Excel has long been the go-to tool for data analysis. Data analysts across industries utilize Excel to conduct their analyses, as well as use it as an application building platform. However, the recent rise in the popularity of machine learning algorithms and interactive data visualization falls beyond the scope of Excel's core functionality. As a result, analysts who are looking to improve their game are finding Jupyter Notebooks to be the perfect medium to bridge this gap.
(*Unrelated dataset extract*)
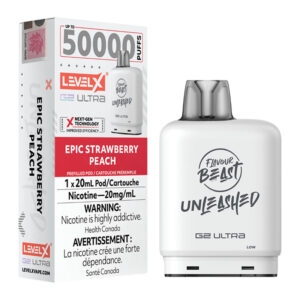 LEVEL X UNLEASHED G2 ULTRA - EPIC STRAWBERRY PEACH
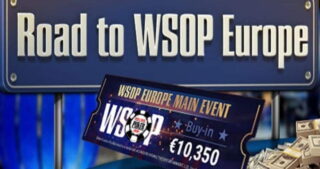 Clasifícate en GGPoker para la prestigiosa WSOP Europe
During the talk, I will draw on my recent experience in the financial services industry, where I helped such users transition from Excel-based applications to Jupyter-powered ones. Using a demo application, implemented in both Excel and Jupyter, we will compare the two implementations and identify the main factors which entice users to take the leap and upgrade from Excel to Jupyter. Specifically, we will look at how the ease of processing arrays of data in Python addresses a big pain point in Excel, where such operations require verbose and often inefficient VBA code. We will also look at how seemingly simple data visualization operations, such as programatically changing the scale type of an axis, are difficult to do in Excel, but very intuitive and straightforward in Jupyter. We will also discuss the “delight” factor that Jupyter-based applications provide and which Excel lacks – including smooth transitions, extensibility, and theming.

Finally, we will discuss “pain points” that users experience when transitioning from Excel to Jupyter. Specifically, we will look at how losing the comfort of having your data visible, accessible, and mutable on a spreadsheet requires a paradigm shift in the way users think about data analysis, and how these tasks are done in Jupyter-based environments:

  1. Input: Loading/generating data
  2. Processing: munging/cleaning up the data and applying any models and/or analysis on it
  3. Output: visualization, saving to a file or another data storage medium

In Excel, all three of these stages are combined into a single operation.

We will also mention the difficulties of deploying Jupyter-based applications vs. Excel ones, and look at how using community tools like binder and voila alleviate these challenges. Basic familiarity with Jupyter Notebooks and Python programming is recommended.